Développez l'apprentissage automatique prédictif avec Flink | Atelier du 18 déc. | S'inscrire

How Bolt Has Adopted Change Data Capture with Confluent Platform

Écrit par

This article describes why Bolt, the leading European on-demand transportation platform that operates across ride-hailing, food delivery, and e-mobility sectors, has journeyed toward adopting change data capture (CDC). Adopting CDC has allowed us to unleash the power of real-time data and ultimately migrate away from batch data workloads to stream processing. This article also explains why we have chosen Confluent Platform as our company-wide event streaming solution and how all of its components fit into our general architecture.

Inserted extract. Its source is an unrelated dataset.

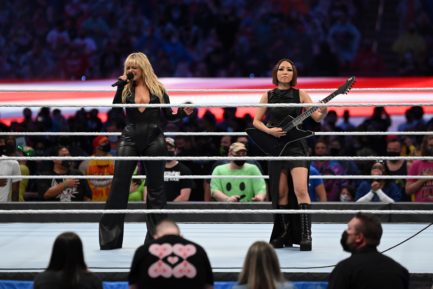 Bebe Rexha performing at WrestleMania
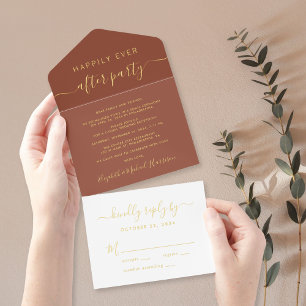 Happily Ever After Party Wedding Reception Foil All In One Invitation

It all started with data replication

A few years ago, we at Bolt, decided to improve the process we used to replicate data from operational databases and other data sources to a data warehouse. Our process back then involved periodically polling the source database for data that had changed since it was last polled. This process had the following shortcomings:

  • It was creating significantly extra load on source databases by constantly querying big volumes of data from them.
  • It required every source table to have an index on it to facilitate retrieving new portions of data from it every time. Not only were those indexes consuming extra disk space but they were also slowing down every single operation over the table.
  • It could miss data in cases where the field used for querying the table was set to some value outside of the next polling interval range.
  • It missed the data that was created and deleted between two subsequent query runs.

Besides fixing all the above-mentioned issues, our new replication pipeline implementation had to also account for these additional requirements:

  • It should be linearly scalable. As a growing business, we want to replicate more and more tables and even databases, so it should be easy to set up a new replication data source.
  • It should allow us to perform proprietary data transformations. For example, we need to be able to replicate only a specific subset of fields from a given table, not all of them, or obfuscate some fields that contain sensitive data in order to comply with data protection regulations like GDPR.

New replication pipeline implementation

After starting this project, it was obvious that our simple data replication use case would outgrow itself and transform into a company-wide data bus and event streaming platform. So whichever technology we decided to use would need to be extremely reliable, elastically scalable, and have extensible functionality. We adopted Confluent Platform for this purpose and it now powers most of the data pipelines and flows we have at Bolt.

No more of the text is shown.